Asthma is difficult to treat due to the heterogeneity of airway inflammation, and there is an urgent need for new treatments to treat patients with severe, uncontrolled asthma.
Thymic stromal lymphopoietin (TSLP) is a cytokine expressed primarily by the airway epithelium that is released during environmental damage, triggering a series of downstream inflammatory processes. Increased expression of TSLP in the airways of patients with asthma compared to healthy people is associated with disease severity and lung function, i.e., TSLP gene polymorphisms are associated with asthma.

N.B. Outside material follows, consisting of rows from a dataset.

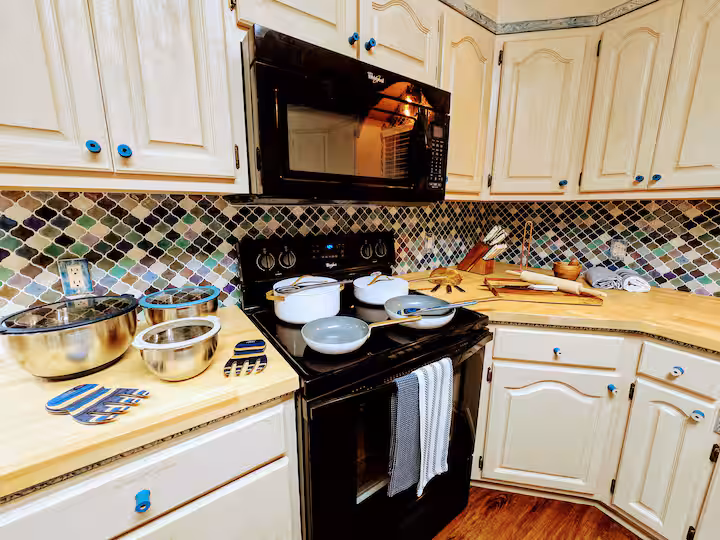 A kitchen cooking area featuring cream-colored raised-panel cabinets with blue knobs, a black microwave and electric range, a colorful lantern-pattern mosaic tile backsplash, and light wood countertops filled with cookware and mixing bowls.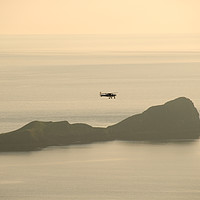 Buy canvas prints of Small plane over Worm's Head, Rhossili, Gower, UK by Bernd Tschakert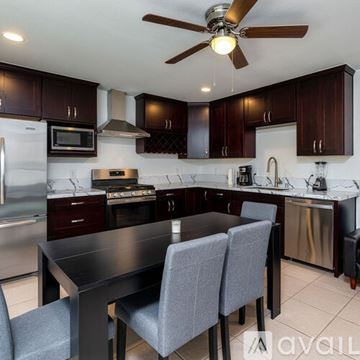 Oceanside apartment for rent - A kitchen with dark wood cabinets and a black table.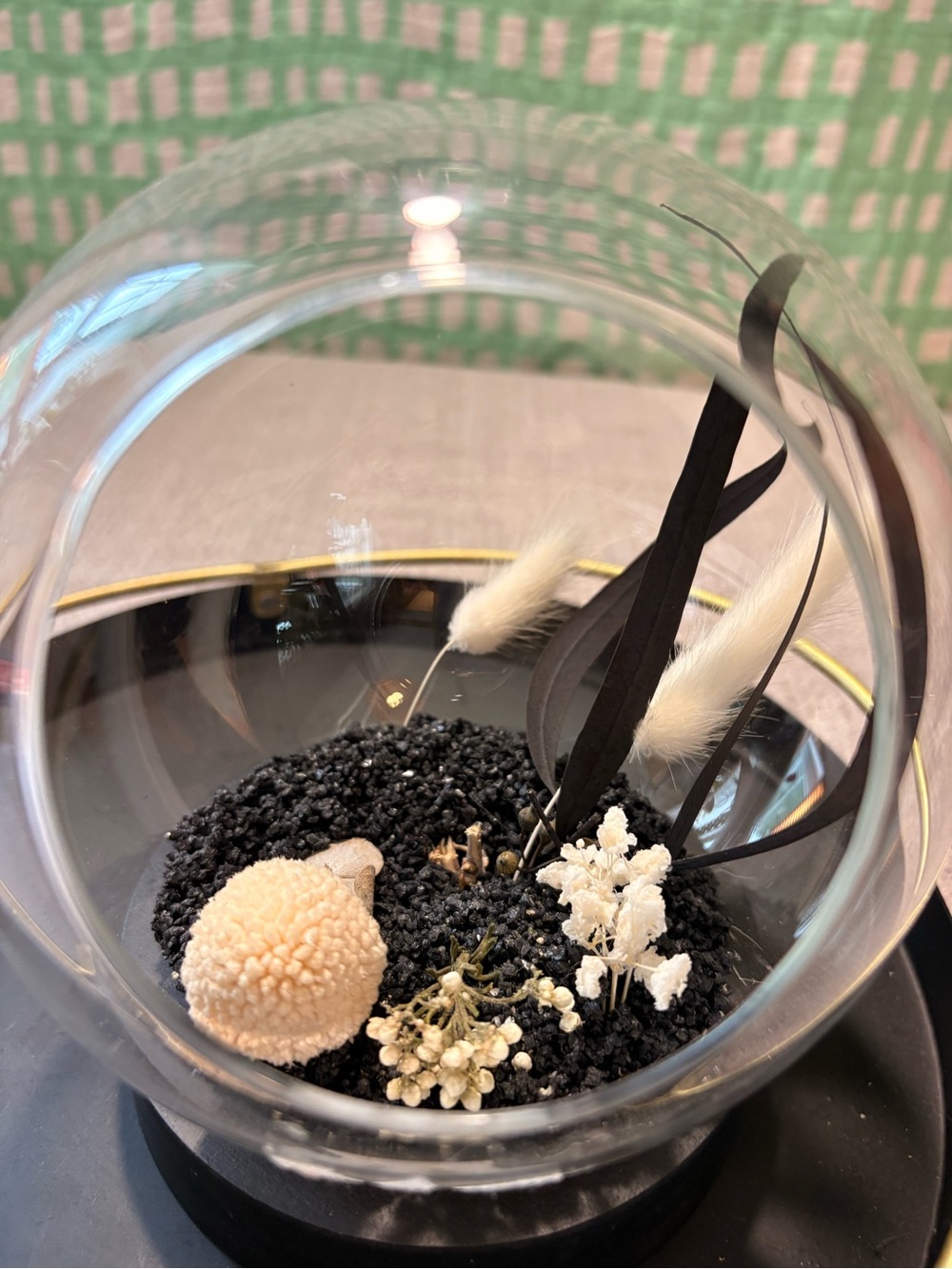 Decorative Glass decor w. faux black sand, feathers and fauna.
Perfect addition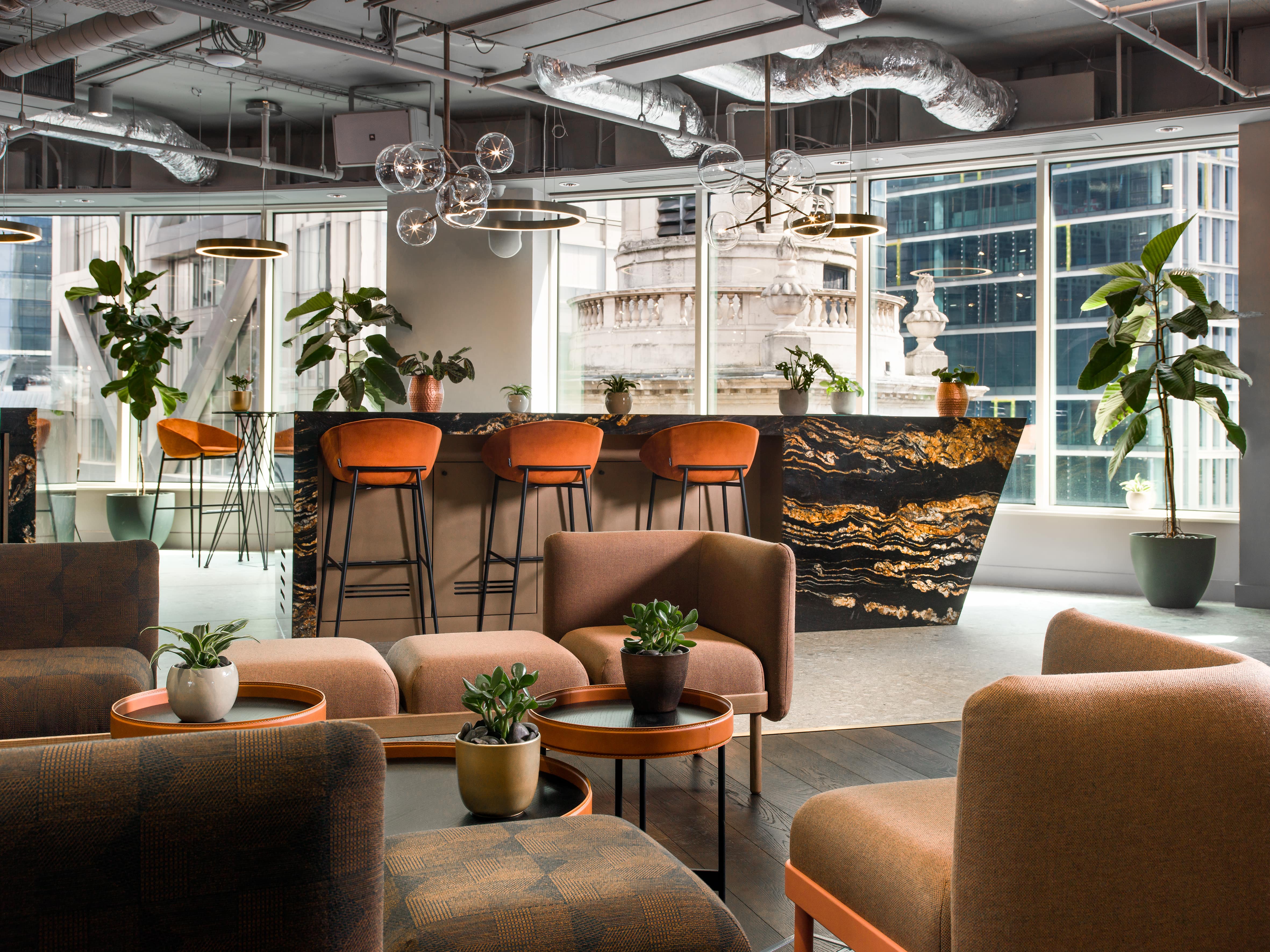 Modern event space at Cafe Lounge, Liverpool Street with natural light and lush greenery.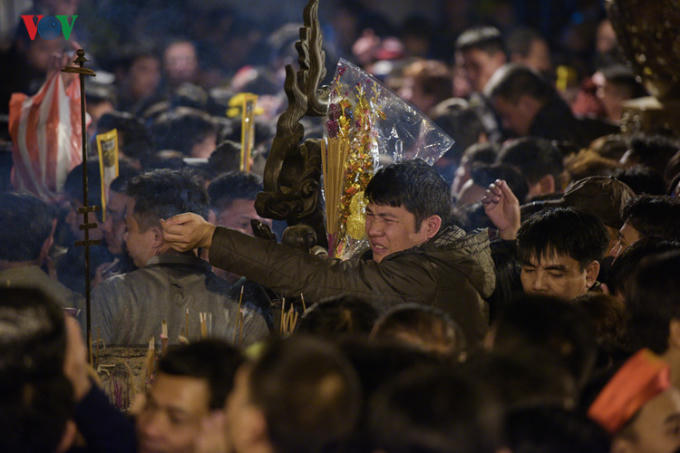 Khổ sở dâng lễ trong đám đông chen chúc nhau.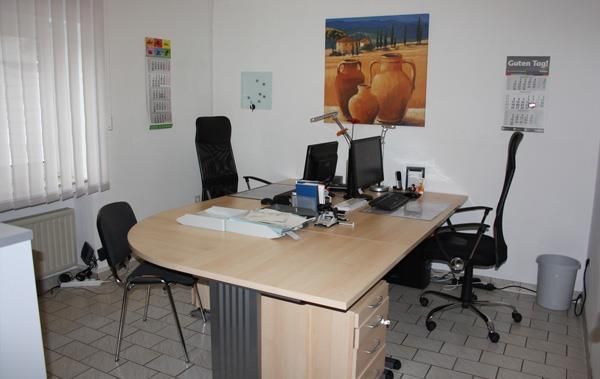 Ein Zimmer mit einem Schreibtisch und Stühlen und einem Gemälde an der Wand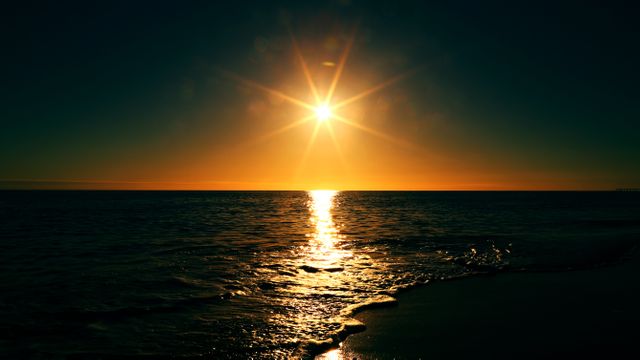 the sun setting over the ocean - Download Free Stock Photos Pikwizard.com
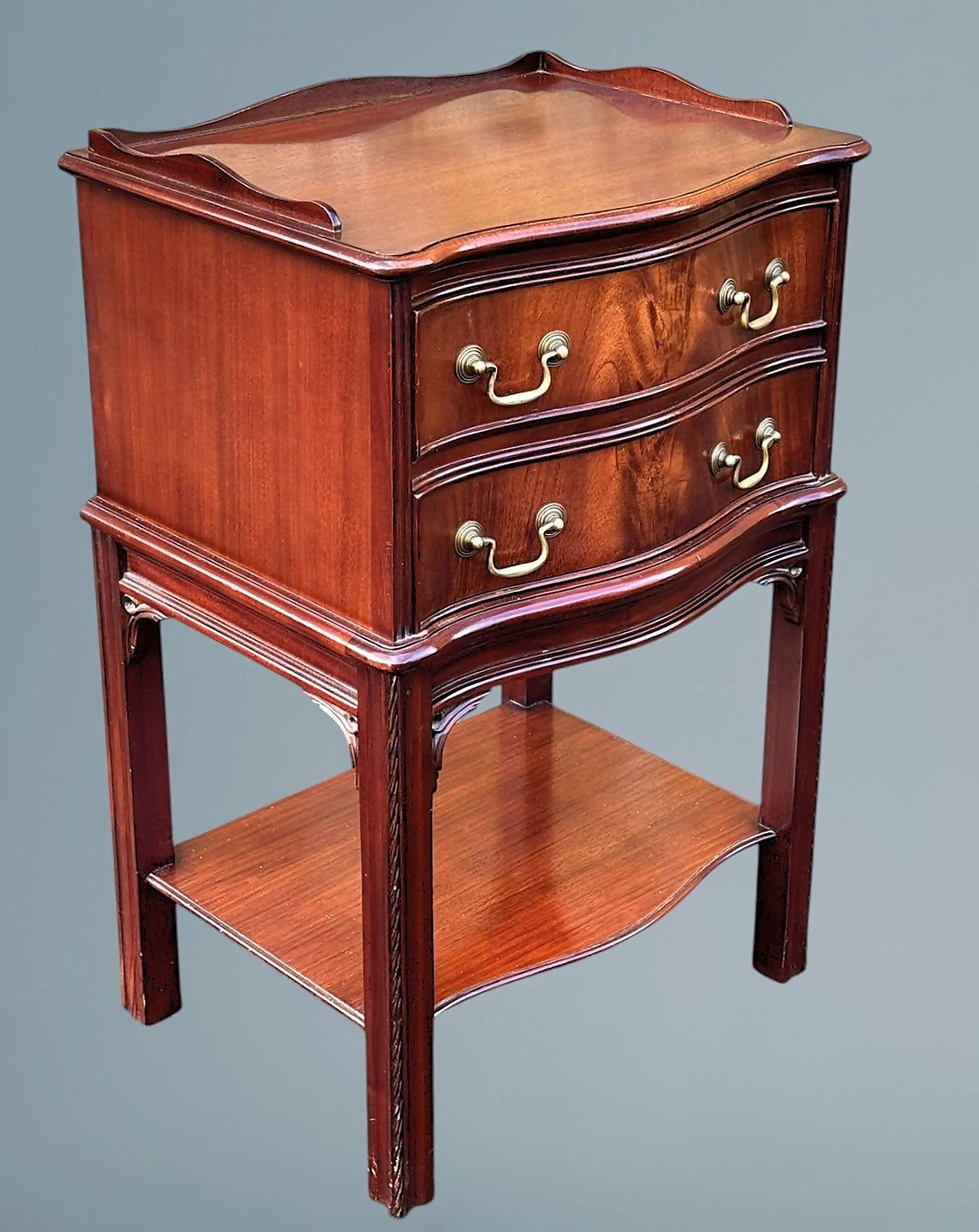 A Figured Mahogany Serpentine Chest of Drawers / Bedside Chest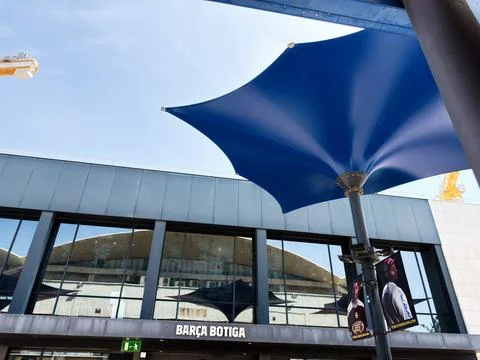 Blue canopy over Bara Botiga storefront at Camp Nou in Barcelona, Spain wit.. Stock Photos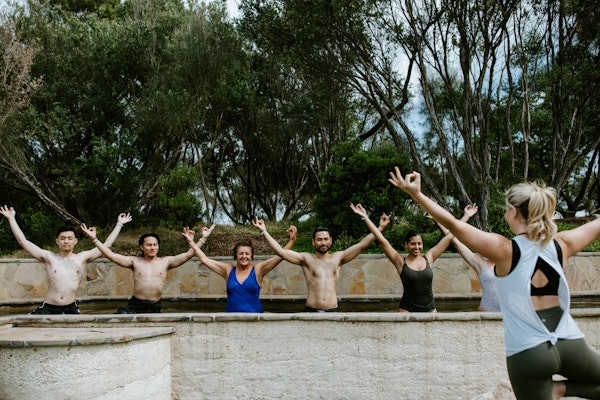people doing yoga in the baths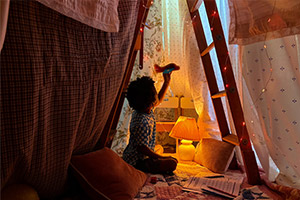 Photo en basse luminosité d'un enfant jouant avec une lampe dans une cabane improvisée, capturée avec l'iPhone 17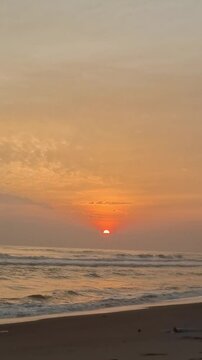 amazing view of sunset on the black sand beach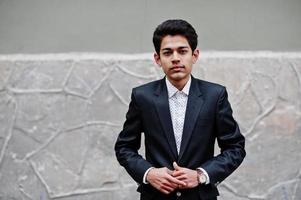 Young indian man on suit posed outdoor. photo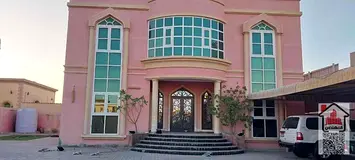 Two-storey villa for rent in Ajman, Al Raqayeb area 5 rooms, a living room, a hall, and a maid's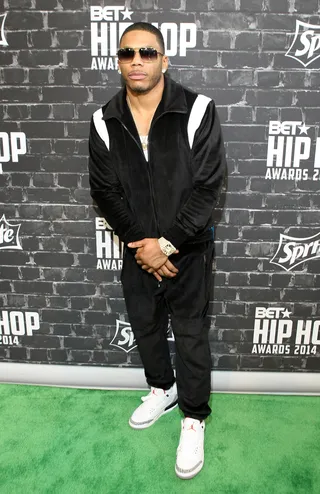 Nelly Strikes a Pose - Nelly keeps it smooth on the green carpet.    (Photo by Bennett Raglin/BET/Getty Images for BET)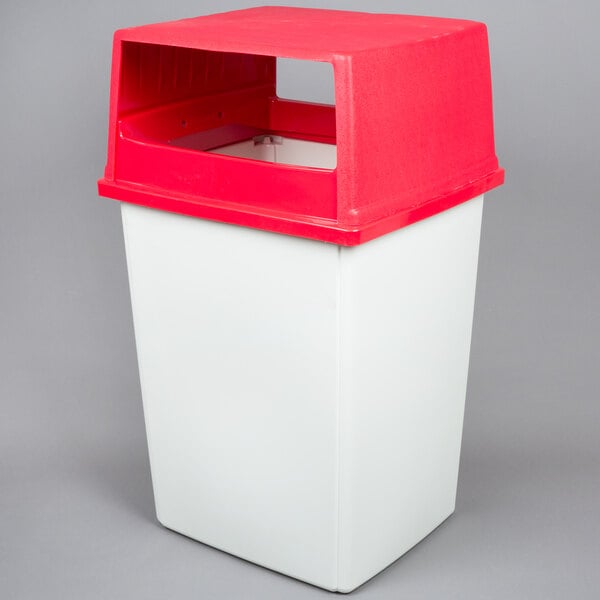 A white Rubbermaid rectangular trash can with a red lid.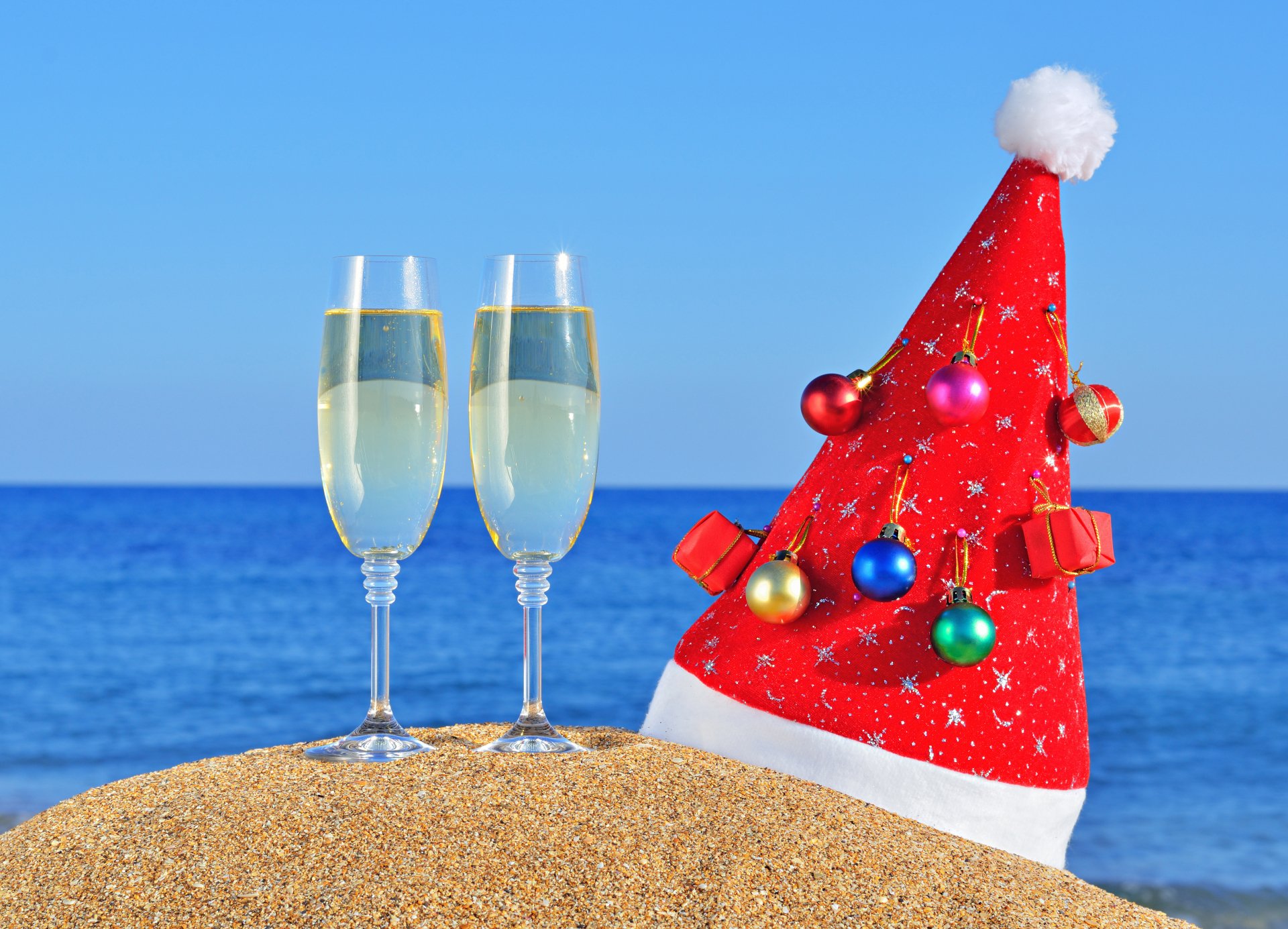 4K Ultra HD holiday-themed New Year wallpaper showing two champagne glasses and a festive red Santa hat adorned with ornaments on a sandy beach with a blue ocean backdrop.
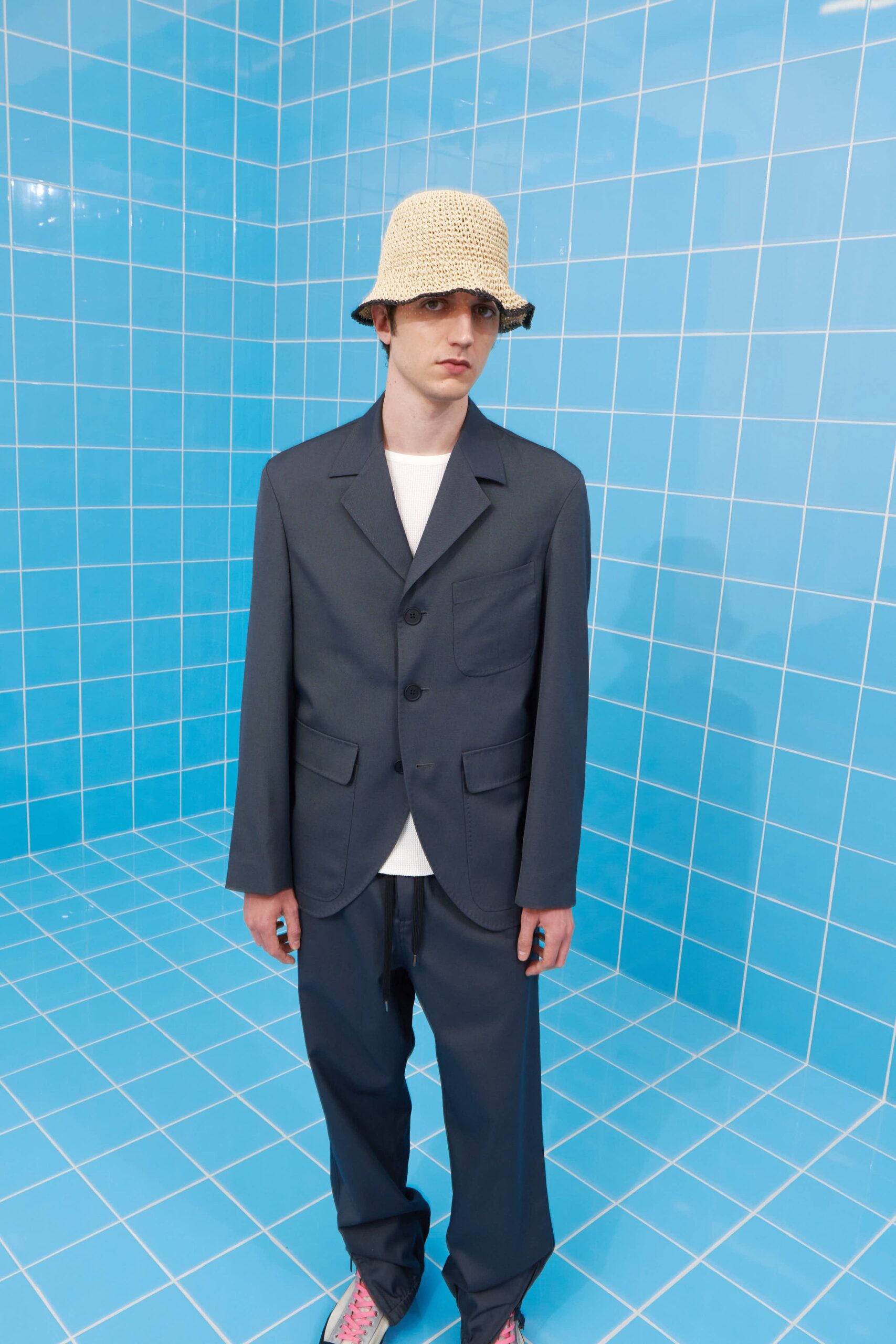 gray tailored suit with white t-shirt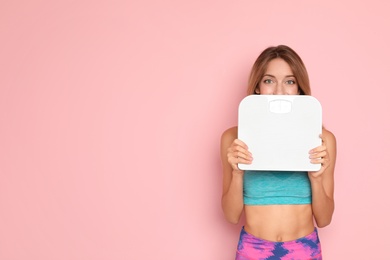 Surprised slim woman satisfied with her diet results holding bathroom scales on color background
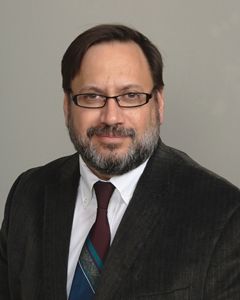 a man wearing a suit and tie smiling at the camera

TSLP is a key mediator in asthma pathophysiology, driving eosinophilic (allergic and non-allergic) inflammation of the airways, non-eosinophilic inflammation, and structural changes by acting on a variety of adaptive and congenital immune cells and structural cells. Clinical trials of TSLP blockade through the systemic approach have produced positive results in a wide range of asthma patients: reduced exacerbations and multiple inflammatory biomarkers, while improving lung function.
However, with the exception of Amgen & AstraZeneca's tezepelumab, which filed a marketing application with the FDA on July 8, 2021, the TSLP-targeting drugs have not even entered the third phase of the clinic, and tezepelumab is quite lonely, predicting that tezepelumab's annual sales will reach $1 billion in 2026 if approved for listing.
1. The role of TSLP in asthma
Thymic stromal lymphopoietin (TSLP) is a short-chain four-α spiral bundle type I interleukin-2 (IL-2) family cytokine, homologous to IL-7, first discovered in 1994 and initially identified as cytokines produced by thymic stromal cells. TSLP is divided into short and long subtypes, consisting of 60 amino acids and 159 amino acids, respectively. They are controlled by different gene promoters, which are subject to different stimuli from the outside. The short subtype is expressed in a variety of tissues and is associated with the homeostatic function of TSLP, but its role has not been clearly studied. The expression of the long subtype is inducible, exerts an inflammatory effect, and appears to be related to pathologies such as asthma, atopic dermatitis, or psoriasis.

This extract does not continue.